Inclusive, o prazo de dez dias úteis não consta do tipo incriminador. E, como bem ressaltou em seu voto o Desembargador Federal Bittencourt da Rosa em julgado do TRF4, “O tipo penal, quando fala em retardamento, não pode ser preenchido em uma regra de dez dias, porque seria um exagero pretender que toda a informação postulada, exigida e requisitada pelo Ministério Público tivesse de ser prestada em dez dias sob pena de, prestada no 11º primeiro dia, incidir em crime.”[4]
A jurisprudência, por inúmeros e repetidos julgados, tem proclamado a atipicidade “subjetiva” do fato, ou seja, “ausência de dolo”, quando o agente, reconhecida a burocracia existente em todo o serviço público,[5] mesmo depois de escoado o prazo fixado, fornece ao MP o dado técnico requisitado,[6] uma vez que o delito somente se configura quando o destinatário e responsável pelo cumprimento da ordem deliberadamente retarda o envio de dados técnicos indispensáveis querendo atrasar, prejudicar, embaraçar, impedir a propositura de ação civil pública. Isto não se verifica, por exemplo, quando tenha respondido ainda que com impontualidade.[7]
Por derradeiro, o apenamento ao retardamento, de 1 a 3 anos de reclusão, constitui exagerada reação do sistema e desrespeito ao caráter secundário da norma penal que torna perigoso o exercício das funções pelos administradores públicos.
Se a fronteira da ilegitimidade da lei penal não pode ser examinada pelo Judiciário, resta a este poder neutralizar a resposta draconiana com um nível de exigência a respeito da subsunção do tipo.[8]
[1] “Art. 8º. § 1º O Ministério Público poderá instaurar, sob sua presidência, inquérito civil, ou requisitar, de qualquer organismo público ou particular, certidões, informações, exames ou perícias, no prazo que assinalar, o qual não poderá ser inferior a 10 (dez) dias úteis.”
[2]“O Ministério Público pode ‘requisitar, de qualquer organismo público, certidões, informações, exames e perícias’ (Lei 7.347, de 24 de julho de 1985, art. 8., par. 1.) para instruir ação civil pública. O destinatário poderá negar certidão, ou informação, ‘nos casos em que a lei impuser sigilo’ (art. 8., par. 2.). É o caso do sigilo bancário. Em sendo assim, a denúncia não pode prosperar. Não descreve fato típico.” (STJ, REsp 66.854/DF, Sexta Turma. Relator Ministro LUIZ VICENTE CERNICCHIARO, julgado em 17/09/1996 e DJ 16/12/1996).

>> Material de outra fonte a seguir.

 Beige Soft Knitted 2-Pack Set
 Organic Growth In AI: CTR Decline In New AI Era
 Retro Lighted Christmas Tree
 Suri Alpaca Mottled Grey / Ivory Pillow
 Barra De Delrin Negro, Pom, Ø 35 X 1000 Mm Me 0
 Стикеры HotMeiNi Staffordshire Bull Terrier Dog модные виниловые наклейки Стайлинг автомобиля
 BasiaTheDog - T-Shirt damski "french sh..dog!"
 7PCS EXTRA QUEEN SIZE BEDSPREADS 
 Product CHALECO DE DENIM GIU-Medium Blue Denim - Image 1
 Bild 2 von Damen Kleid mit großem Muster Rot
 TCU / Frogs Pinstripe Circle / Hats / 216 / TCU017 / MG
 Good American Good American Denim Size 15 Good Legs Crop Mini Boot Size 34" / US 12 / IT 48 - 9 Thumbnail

[3] O prazo mínimo para atendimento da requisição é de 10 dias, conforme o art. 8º, § 1º, da Lei 7.347/85.
[4] Inquérito nº 1999.04.01.069384-8/PR – Quarta Seção.
[5] TJRS. Representação Criminal nº 70081594673.
[6]TJRS: Representação Criminal nº 70081275307, de Sapucaia do Sul; Representação Criminal nº 70080954217, de Tapes; Representação Criminal nº 70080227739, de Tramandaí; Representação Criminal nº 70079215265, de Soledade; Representação Criminal nº 70079003851, de Portão.
[7] TJRS. Representação Criminal nº 70081594673.
[8] TRF 4ª Região. Inquérito nº 1999.04.01.069384-8/PR – Quarta Seção.